日経平均は大丈夫! サイコロとトレンドラインでわかったこと

8月8日の急落時と今回の違い

 先週25日の権利付最終売買日に高値をつけた日経平均株価は、90円前後とされる配当落ち分を即日で埋めることができず、徐々に下落。木曜日にはNYダウの大幅安もあって一気に25日移動平均線を割り込んだ。週末の金曜日は75日移動平均線でかろうじて踏みとどまっている。こうした値動きで思い起こされるのは、8月8日の急落とその後の反発である。

 この時も予想外だった。取引終了にかけて下げ幅を広げ、75日移動平均線を一気に下回り安値引けとなった。が、翌営業日には急反発。翌日には75日移動平均線、さらには5日平均線、25日平均線と次々奪回していった。週末の日経平均株価の値動きはどうだろう。

 いつものようにチャートをご覧いただきたい。

 これを見ると、8月8日の時とは異なり、今月2日の下げは75日移動平均線上をキープしているものの、翌3日の反発は鈍く、前回の大幅安の時とは比較にならないほどの弱さが見て取れる。

 ただ、下げ止まりの兆しも見られる。売られすぎを判断するテクニカル指標、サイコロジカルライン(チャート下段)の水準だ。このサイコロジカルラインは25%以下を売られすぎ、75%以上を買われすぎのメドとするが、昨年末から直近までの期間で25%に達したのは、今年2月の急落時と7月中旬の数回だけで、33.33%(3勝8敗)で反発するケースが結構多く見られた(サイロジカルラインについてはこちらの記事を参照

 そうした中、サイコロジカルラインの水準だけを見ると、7月中旬は株価がモミ合う中で25%に達しており(右側の赤丸)、株価の方向が読みづらい。そこで、株価の位置と合わせて見るとどうだろう。たとえば5月21日に安値をつけたところ(中央の青丸)では25%に届かず、手前の33.33%に達したところで、底入れ反発しているのがわかる。

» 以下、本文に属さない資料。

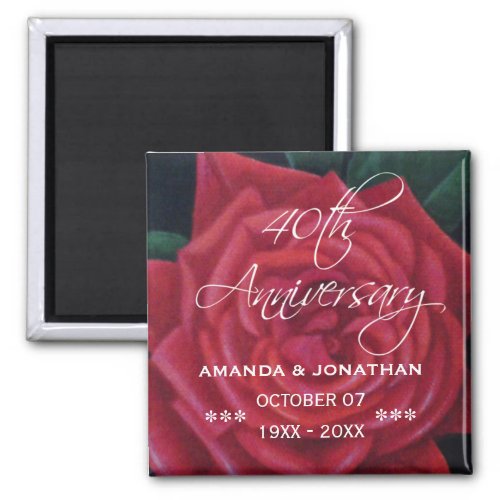 40th Ruby Wedding Anniversary Red Rose Magnet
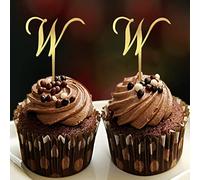 Inicial W - Decoración para cupcakes con letra de monograma para boda, despedida de soltera, fiesta, recuerdos, retro, reutilizable, corona floral, personalizada, 26 letras, regalos de compromiso, 6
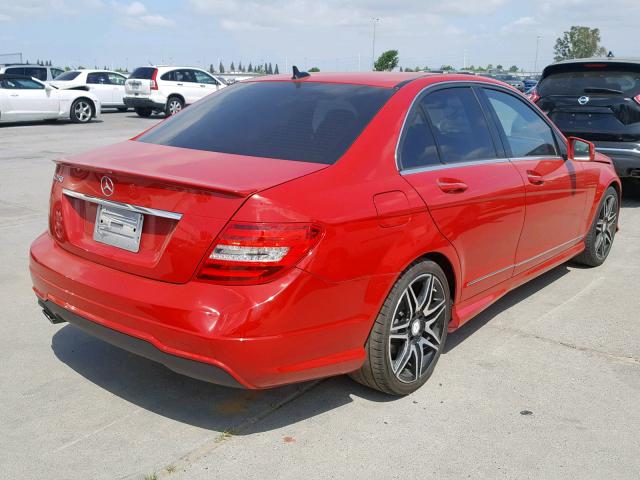 WDDGF4HB3DA808441 - 2013 MERCEDES-BENZ C 250 RED photo 4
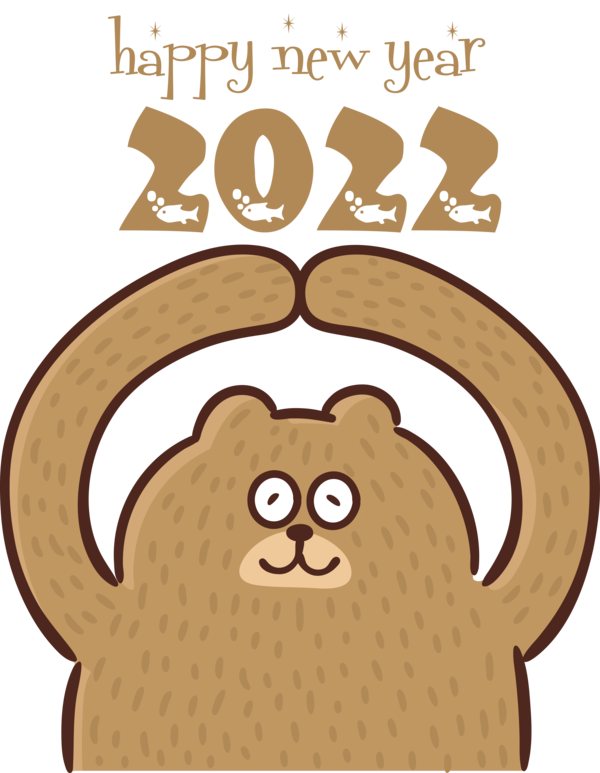 Transparent New Year Cartoon Cat Cat-like for Happy New Year 2022 for New Year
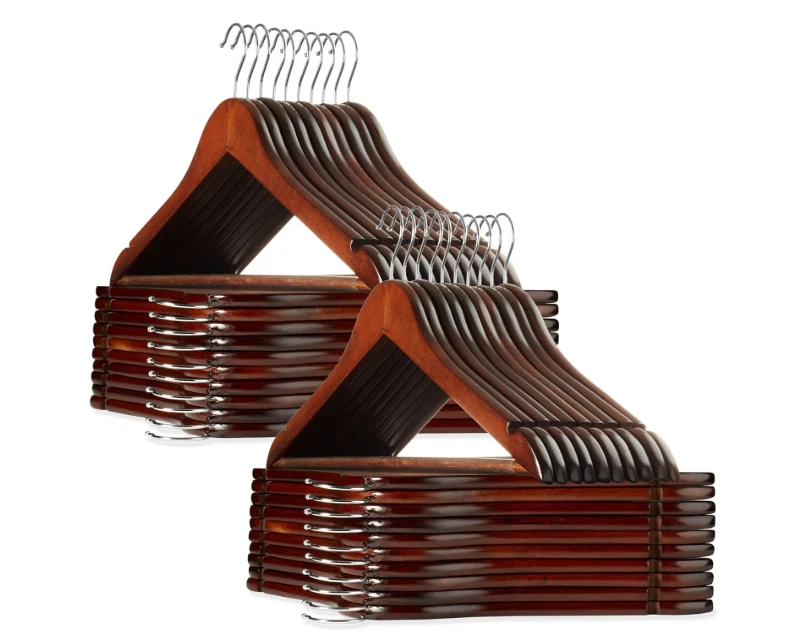 40 Walnut Wooden Suit Hangers for Coats Jackets Shirts Skirts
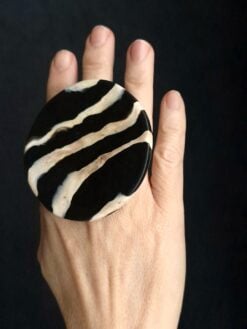 Vegan Ivory & Black Ring - Size 8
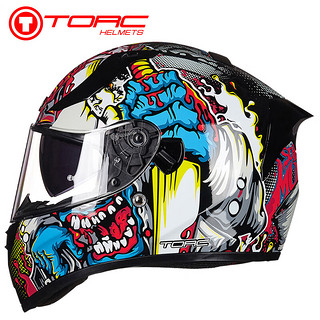 TORC 摩托车头盔T128复古全盔3c认证男女士四季通用双镜片电动机车赛车骑行安全帽 黑色 凌风  XXL码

 さて、3日週末の動向である。ここでは前日の2日にサイコロジカルラインが33.33%に達した後反転し、同時に株価も75日移動平均線をサポートに下ヒゲ陽線をつけてこの日の高値で取引を終えている。3日に反発したことで仮に上昇トレンドが崩れていないとすれば、株価の位置(75日移動平均線で下げ止まる)とサイコロジカルラインの水準から反発期待が高まる形と考えられるのである。

 一方、サイコロジカルラインは前日比で上昇したかどうかの判断には役立つが、値幅などは考慮されていない。そのため仮に25%まで下げるとなると、前述の5月21日と8月8日のローソク足の実体を結んだサポートラインまで下落することも考えられ、手放しで喜んではいられない。いずれにしてもトレンドラインとサイコロジカルラインを組み合わせると、こんなことまで見えてくるのだ。

 前述のサポートラインまで割り込むようだと、トレンドが変わる可能性が高まるため、下落が続いた時は無理せず、下げ止まるまで慎重に対処する必要がある。

講師=福永博之/日本勧業角丸証券(現みずほ証券)、楽天経済研究所を経てインベストラストを設立。代表を務める。テクニカルアナリストとしてメディアへの出演、コメントなど多数。